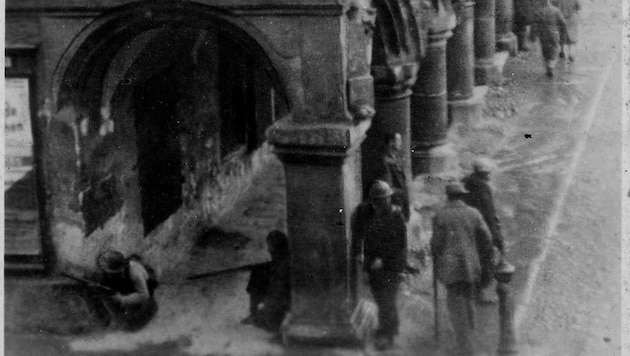 Schutzbündler in Gefechtsstellung beim Kornmesserhaus in Bruck an der Mur. Die Besetzung währte nur einen Tag lang. (Bild: Stadmuseum Bruck)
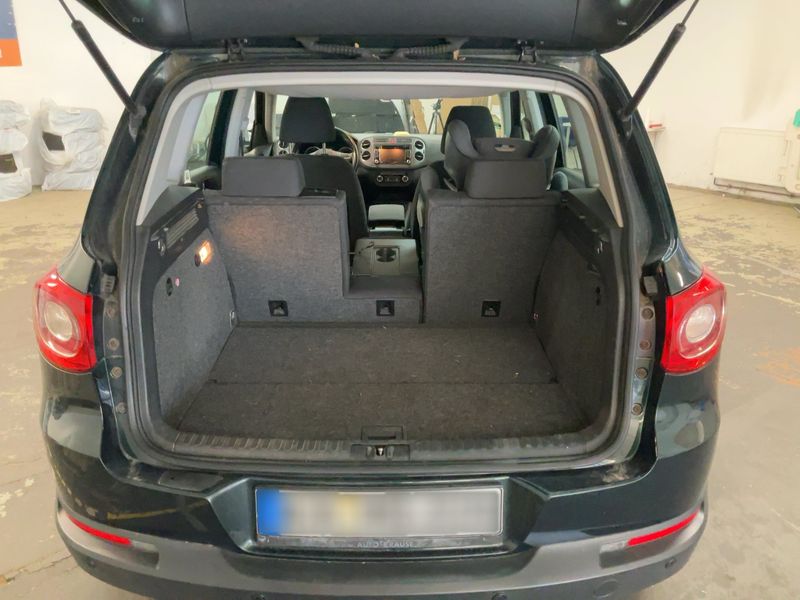 Volkswagen Tiguan 2.0 TDI Track & Field 4Motion 2010 – снимка 15
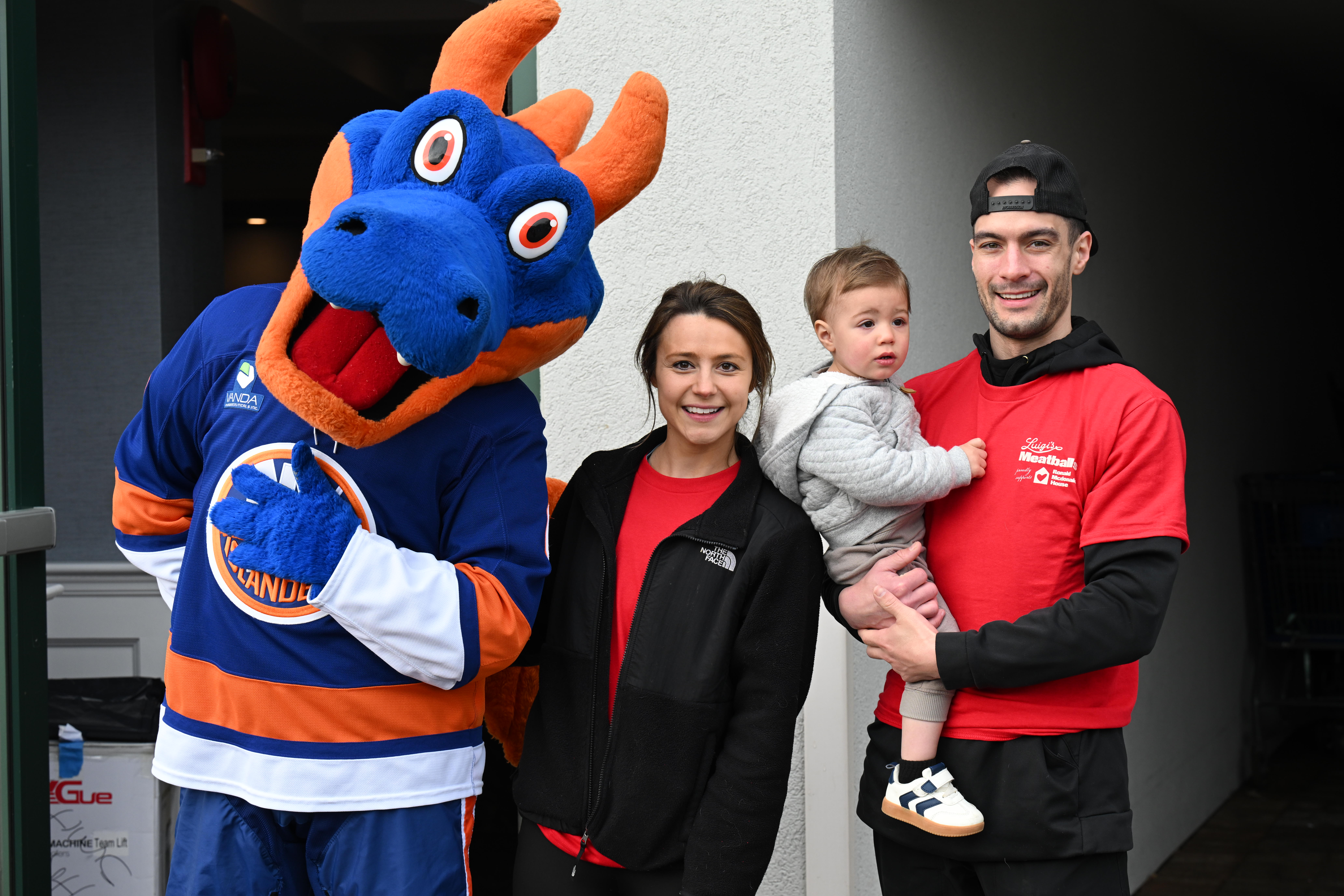 Walk Of Love &Amp; Certified 5K Raises $100,000 For Families 3 dsc 5525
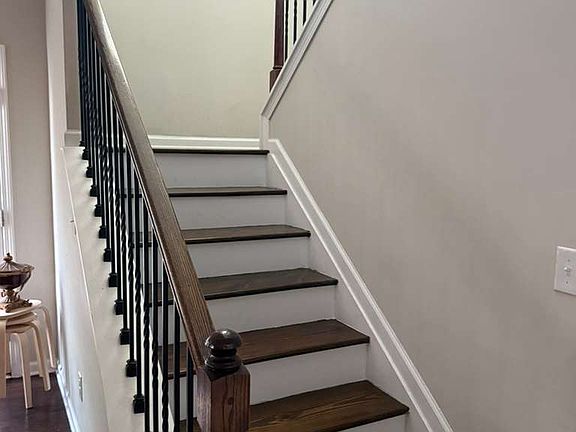 3rd image of 1262 Elderwood Way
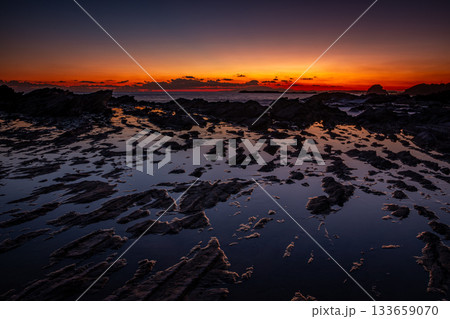 三浦市三崎町・高磯の岩礁に広がる夕焼け空と潮だまりの幻想的な風景 133659070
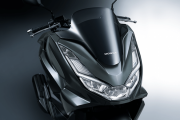 ホンダ、フルモデルチェンジした新型「PCX」「PCX160」「PCX e:HEV」を発売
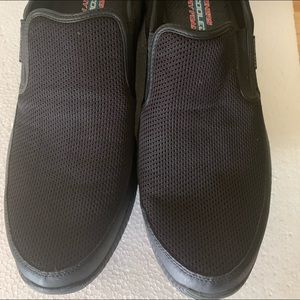 Men Skecher’s memory form slip-on. Never worn.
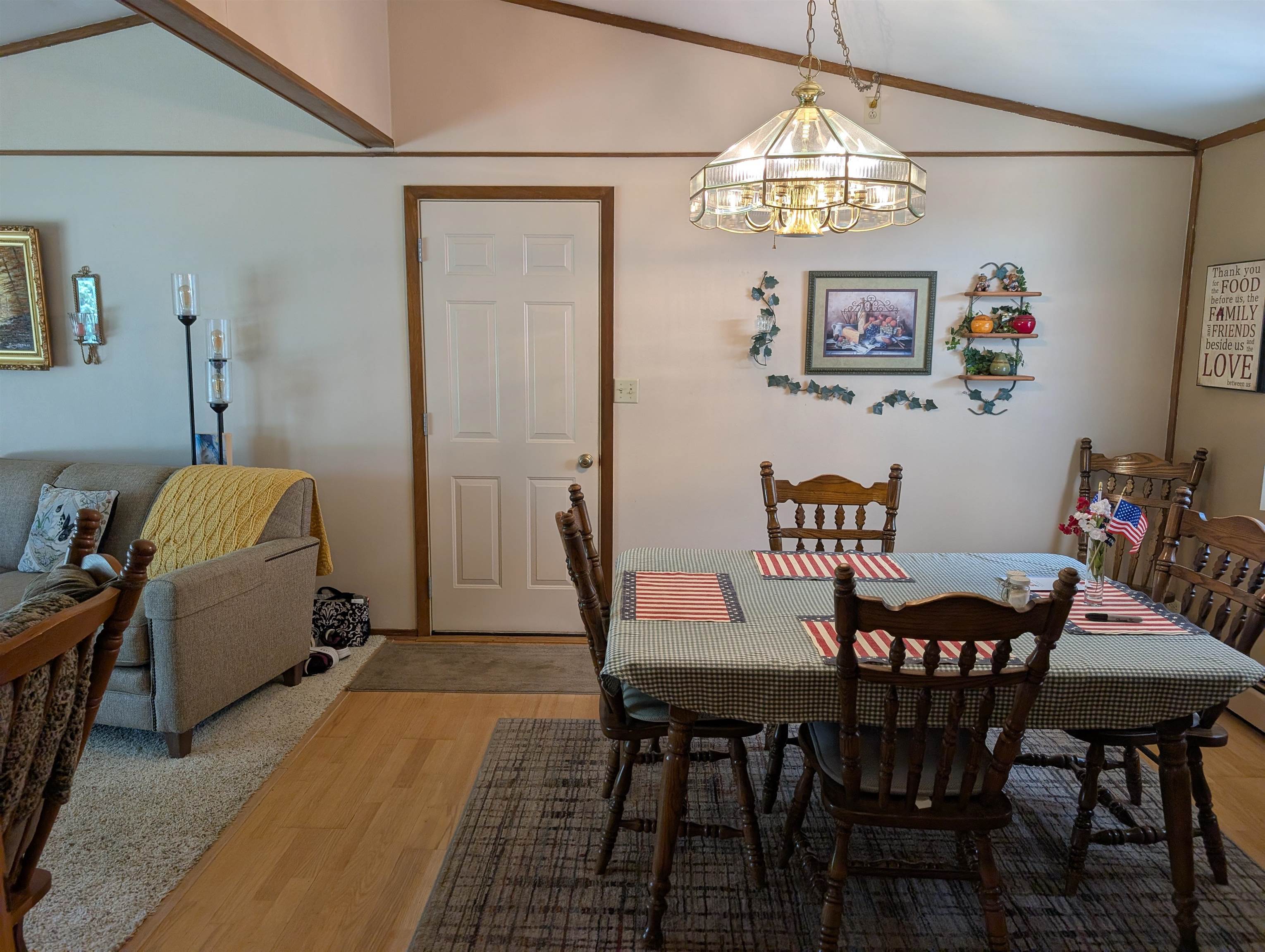 2235 Bluejay Lane Property Photo 9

-- -- --

### Exercise description
Write out each line of the listing above, exactly, from its first line to the line holding "Walk Of Love", inclusive. Skip the pictures.

### Exercise output
 Schutzbündler in Gefechtsstellung beim Kornmesserhaus in Bruck an der Mur. Die Besetzung währte nur einen Tag lang. (Bild: Stadmuseum Bruck)
 Volkswagen Tiguan 2.0 TDI Track & Field 4Motion 2010 – снимка 15
 Walk Of Love &Amp; Certified 5K Raises $100,000 For Families 3 dsc 5525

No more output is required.